Trinitarianism is the outgrowth of the early Christian Church coming to terms with the Jesus Event and all of its ramifications. That Jesus was in some sense identified with the God of Israel is found in the New Testament itself, what followed in the next few centuries was trying to make sense of this. Various competing theories existed at various times, some forms of Adoptionism posited that Jesus was adopted as God's Son and became Divine in His resurrection. Modalistic Monarchianism (also called Modalism or Sabellianism) stated that Jesus was the Father appearing in human likeness. Arianism said that Jesus was Divine, but was a lesser divinity, a second God created by the Father to function as an intermediary in the act of creation and redemption, a Demiurge.

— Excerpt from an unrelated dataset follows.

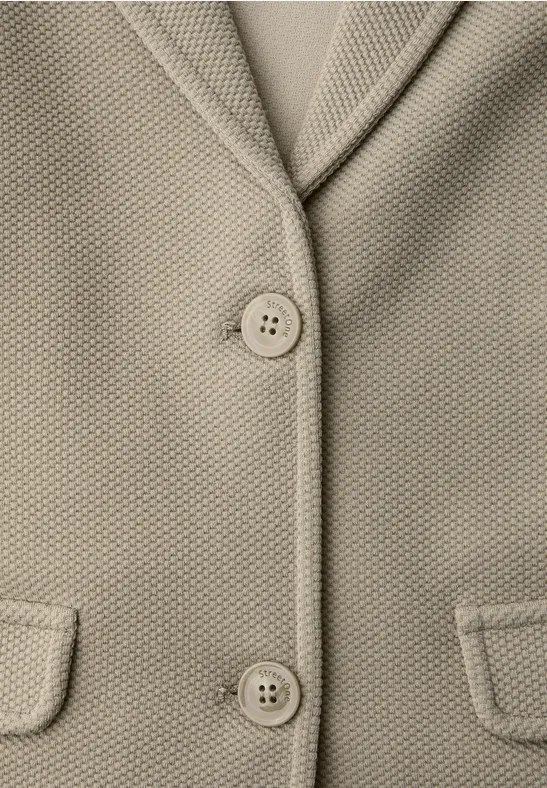 Blazer basique avec col à revers timeless beige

Ultimately Trinitarianism was the result of early Christians concluding that these different theories just didn't work, they all failed at some level to describe the full impact of the Jesus Event. Following the specific Christological arguments in the early-mid 4th century between the Nicenes and Arians, the debate moved over to question of the Holy Spirit. The Holy Spirit had long also been understood to be distinct from the Father and the Son in some sense, being at times identified with the Wisdom of God such as that Theophilus of Antioch spoke of the Trinity as the Father, His Word and His Wisdom.
It has nothing to do the Father needing help (or needing anything whatsoever); but has everything to do with making sense of the Event and experience of Christ and the Spirit in relation to the understanding of God in the ancient Christian community.